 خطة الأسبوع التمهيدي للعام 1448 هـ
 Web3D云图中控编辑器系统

--*--

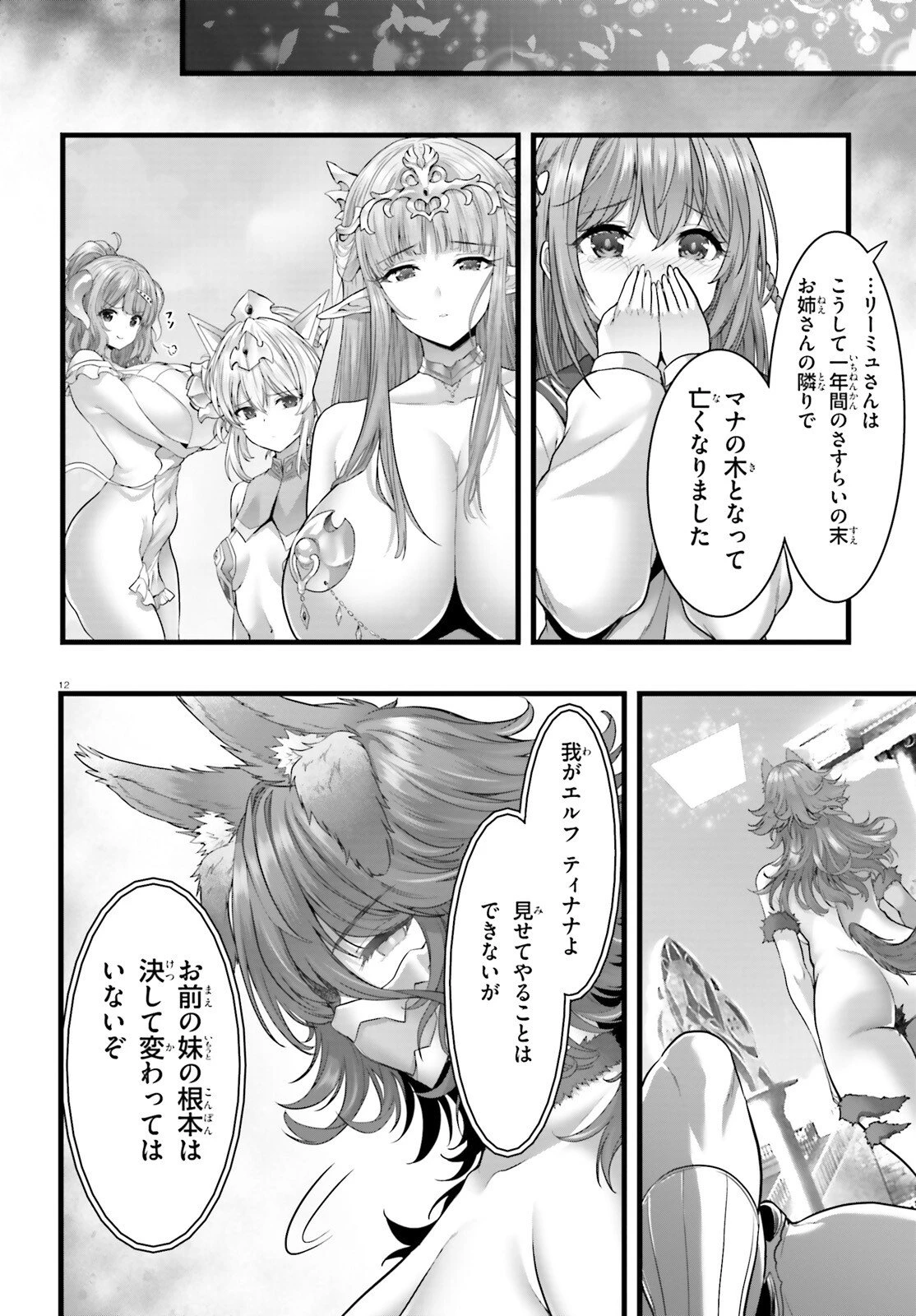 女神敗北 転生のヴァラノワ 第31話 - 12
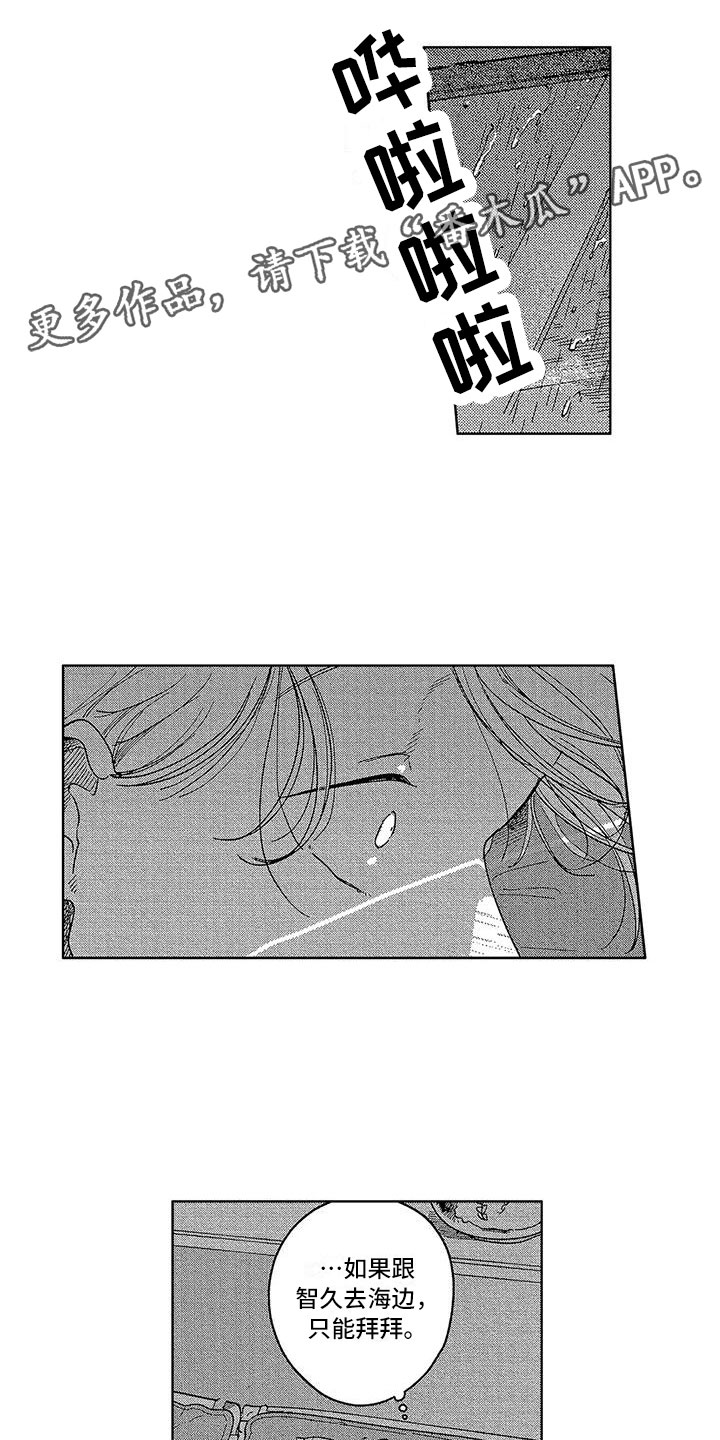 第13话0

--*--

How to complete this task
Only the lines above starting with the one with "خطة الأسبوع التمهيدي للعام 1448 هـ" and going through the one with "Web3D云图中控编辑器系统" are to be copied, word for word and with both ends kept.

Result of the task
 خطة الأسبوع التمهيدي للعام 1448 هـ
 Web3D云图中控编辑器系统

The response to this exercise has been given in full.